TASK INPUT:
★ ★ ★ ★

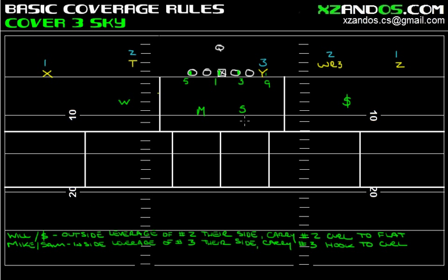Based upon alignment, Mike does not have an immediate number three to his side, so he's going to want to just play the hook and the curl kind of loose, but look for anybody attacking the hook and the curl. Sam, on the other hand, has an immediate number three to his side, and we'll talk about that more when we get into the diagram portion of the video.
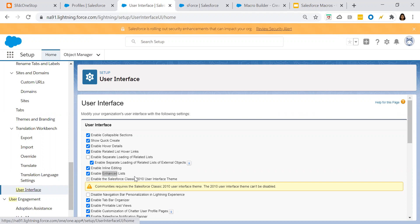Let's take an example. For example, you're working in an organization and there are multiple account records wherein you have to create certain tasks. So this is a repetitive activity, isn't it? So for these repetitive activities, you can make use of a bulk macro and you can perform your activity very easily. We will see now how we can create a bulk macro in Salesforce.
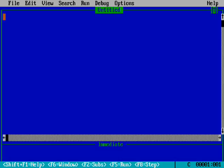So first we will start with a basic program. I am typing CLS. What does CLS mean? CLS means clear screen. That means whatever was displayed or written on the output screen will be cleared.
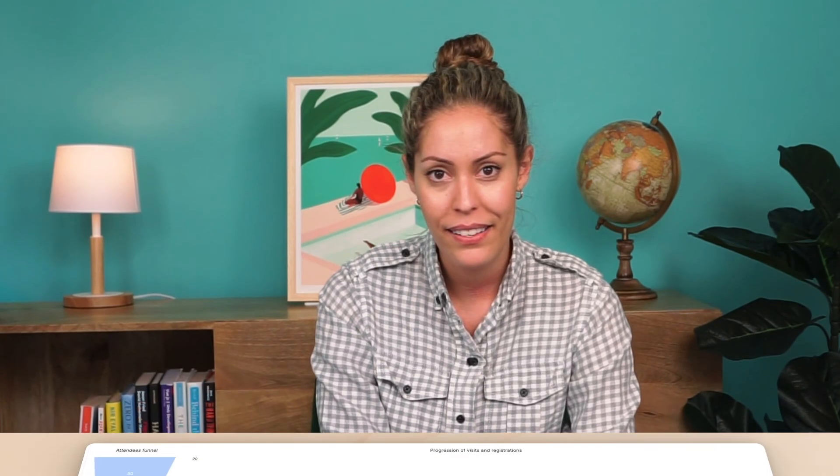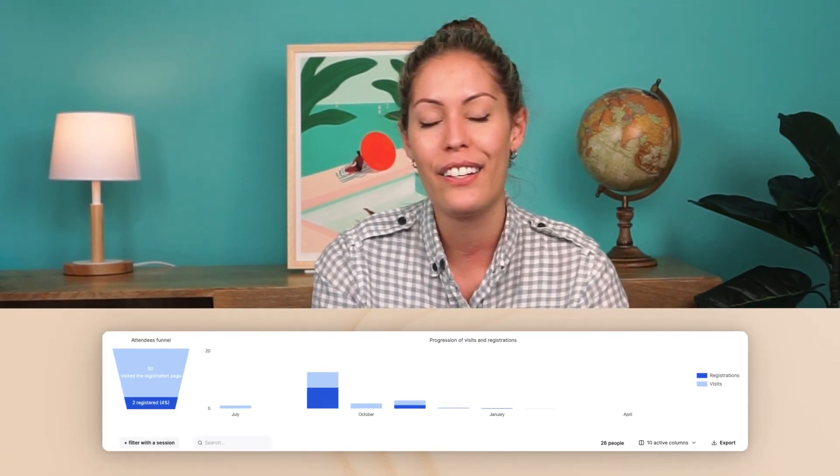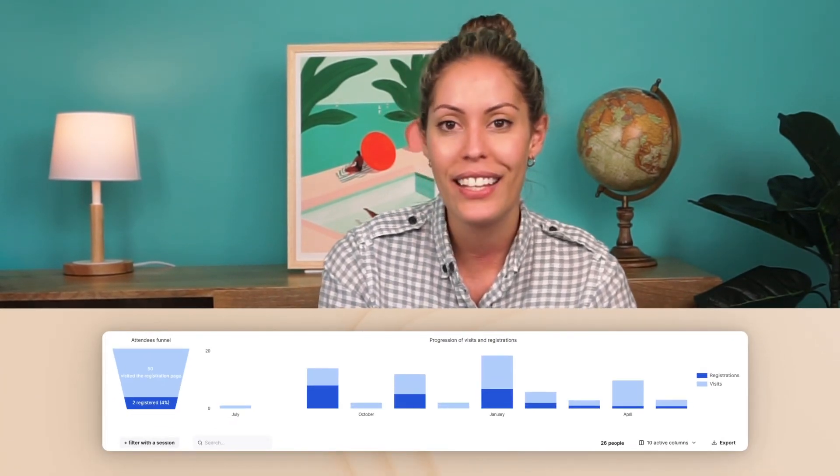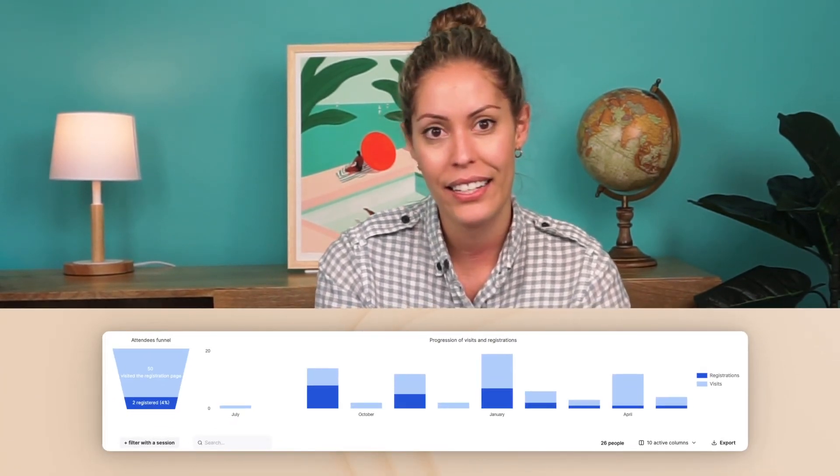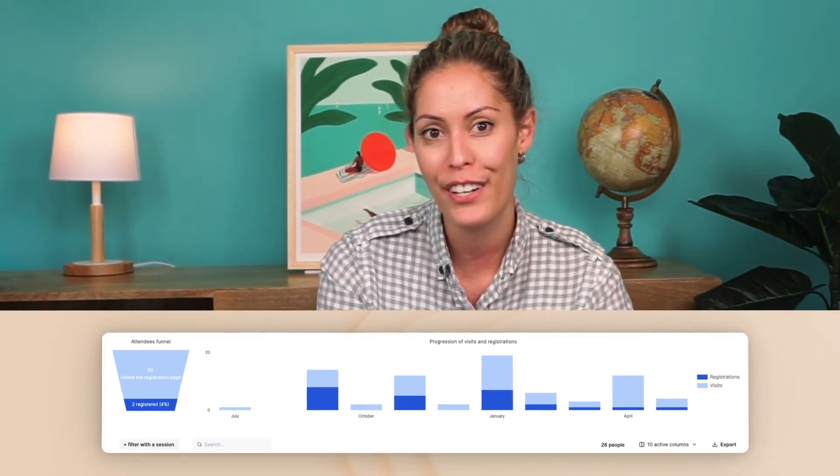Next, you can take a look at your webinar's key analytics, like how many people signed up versus how many people actually attended. You can also look at how many people left the webinar before it was over. This is a great way to get some clues on how you can improve for next time.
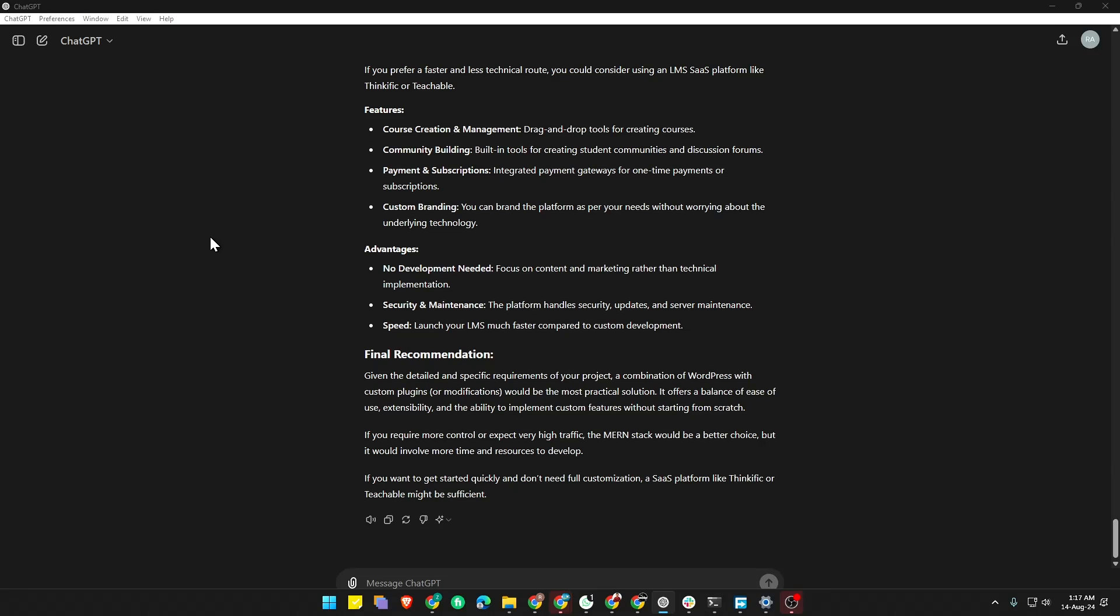Assalamualaikum, welcome to our channel. In this video we're going to see how we can copy ChatGPT responses with formatting in Google Docs or Microsoft Word. I'm your host Raqib, I'll be guiding you through this process. Let's get started.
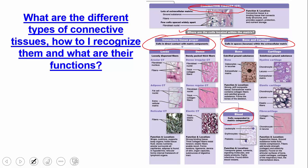Looking further at connective tissue proper: we could have loose tissue, where the fibers are loosely dispersed, or dense tissue, where the fibers are packed very densely together. Loose connective tissue wraps, cushions, and supports. Dense connective tissue forms strong binding tissues. The pictures we'll identify in lab.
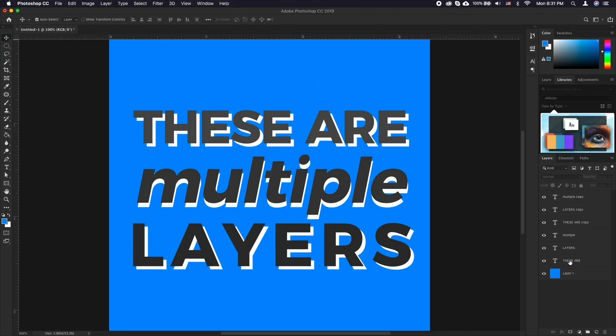Do you ever have more than one text layer and want to edit some of the text layers all at once? Luckily there is a way to do just that.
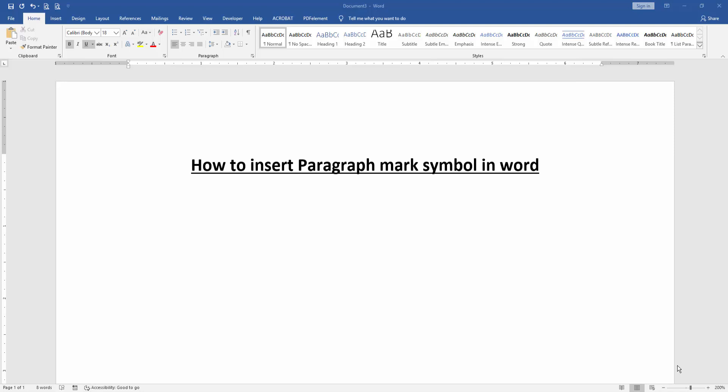Hello friends, how are you? Welcome back to our another video. In this video, I am going to show you how to insert paragraph marks symbol in Microsoft Word. Let's get started.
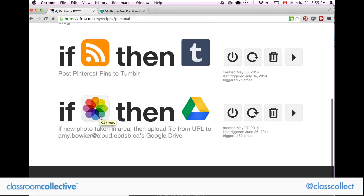If I'm wandering around my school and I take a picture in a specific area — obviously I don't want pictures of my dinner at home going in with my school stuff — but if I take a picture in a chosen area, I chose my school and put a bubble around it. If my phone takes a picture within that bubble, it automatically sends it to Google Drive to a specific folder. You can name it whatever you want; mine is called 'If This Then That.' So all my school pictures of my kids automatically get sent to Drive.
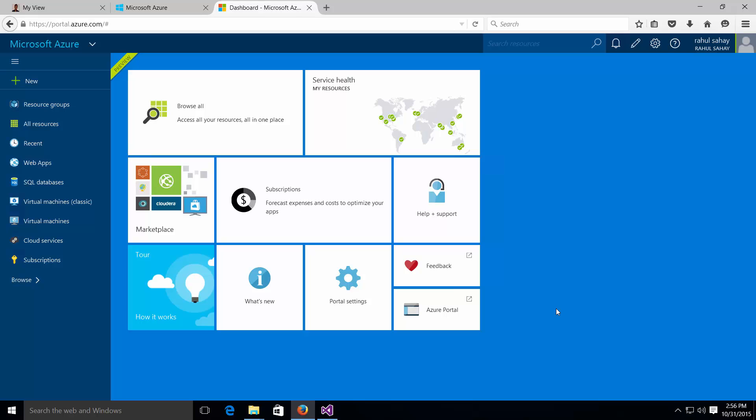Hi guys, this is Rahul here from myview.rahulnavi.net, my blog. In today's session I am going to talk about how to set up Application Insights in your app. First of all, let's discuss what Application Insights is.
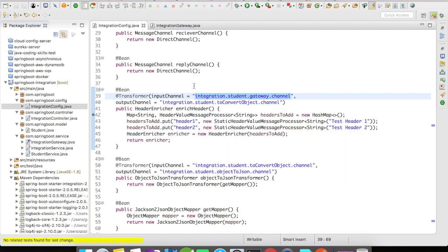So when a request comes in it goes to the header enricher, then static headers are added here, and then it goes to the transformer. The object gets converted to the JSON transformer, it goes to the service activator, and then the other processes related to it.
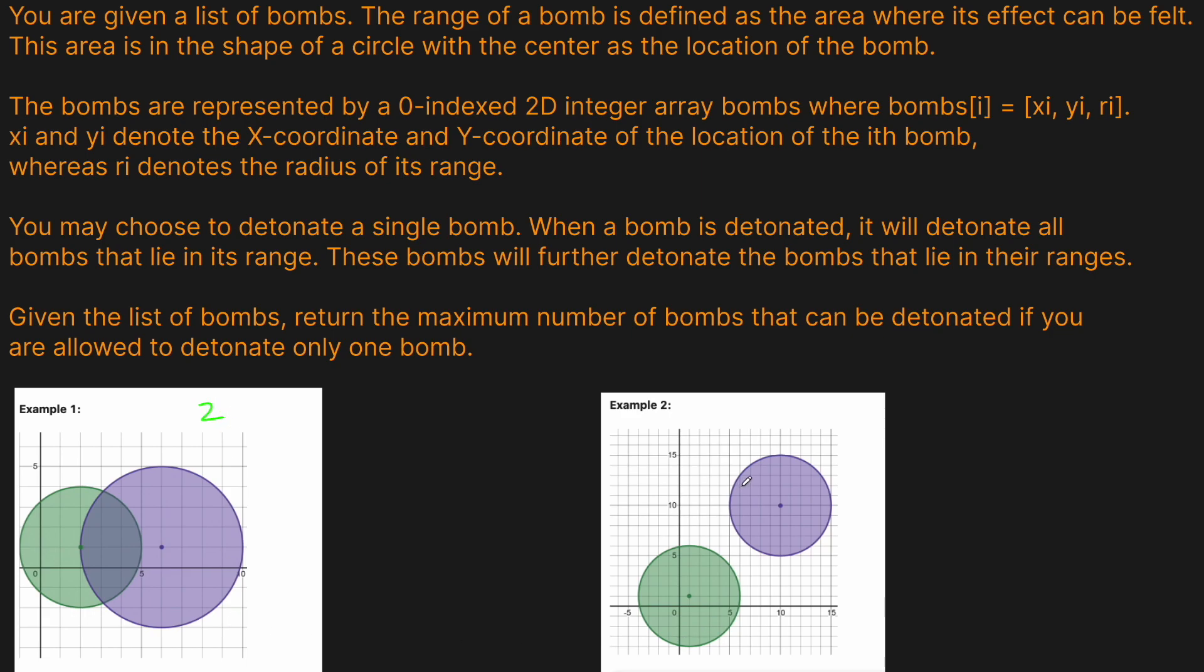We have these two bombs here in this other example, and they are not touching each other, so it doesn't matter which one we detonate. We would only be able to detonate one bomb because we can't chain them together. Whether we detonate the purple one or the green one, it doesn't matter. The answer will still be one.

★ ★ ★ ★

TASK TO CARRY OUT:
In the records above, find the line with "So first we" and the line with "Next, you can"; please transcribe exactly those two lines and all lines between them, omitting any picture.

YOUR RESPONSE:
So first we will start with a basic program. I am typing CLS. What does CLS mean? CLS means clear screen. That means whatever was displayed or written on the output screen will be cleared.
Next, you can take a look at your webinar's key analytics, like how many people signed up versus how many people actually attended. You can also look at how many people left the webinar before it was over. This is a great way to get some clues on how you can improve for next time.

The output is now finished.